**Records provided:**
----
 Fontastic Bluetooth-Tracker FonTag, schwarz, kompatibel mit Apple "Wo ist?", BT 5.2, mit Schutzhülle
----
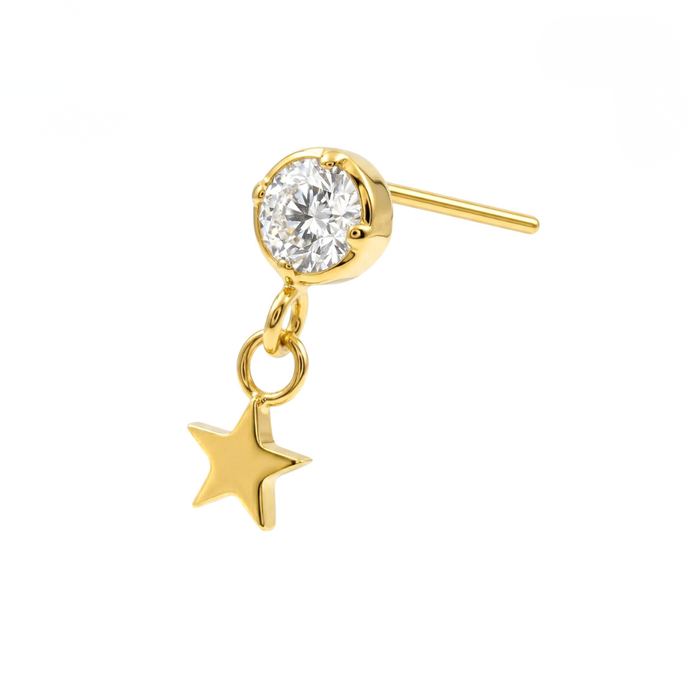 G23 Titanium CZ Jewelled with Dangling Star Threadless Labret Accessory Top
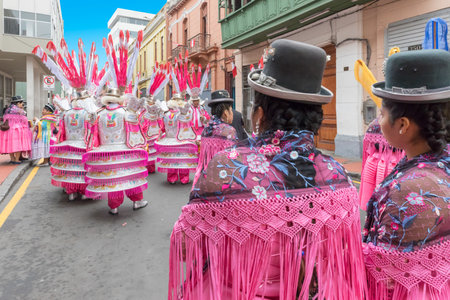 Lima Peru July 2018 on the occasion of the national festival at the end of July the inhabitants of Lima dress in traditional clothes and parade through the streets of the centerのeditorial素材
----
**Problem description:** Your task is to copy only the lines above starting at the one containing "G23 Titanium CZ" and ending at the one containing "Lima Peru July". Copy them exactly, both ends included, and omit the pictures.

**Completed task:**
 G23 Titanium CZ Jewelled with Dangling Star Threadless Labret Accessory Top
 Lima Peru July 2018 on the occasion of the national festival at the end of July the inhabitants of Lima dress in traditional clothes and parade through the streets of the centerのeditorial素材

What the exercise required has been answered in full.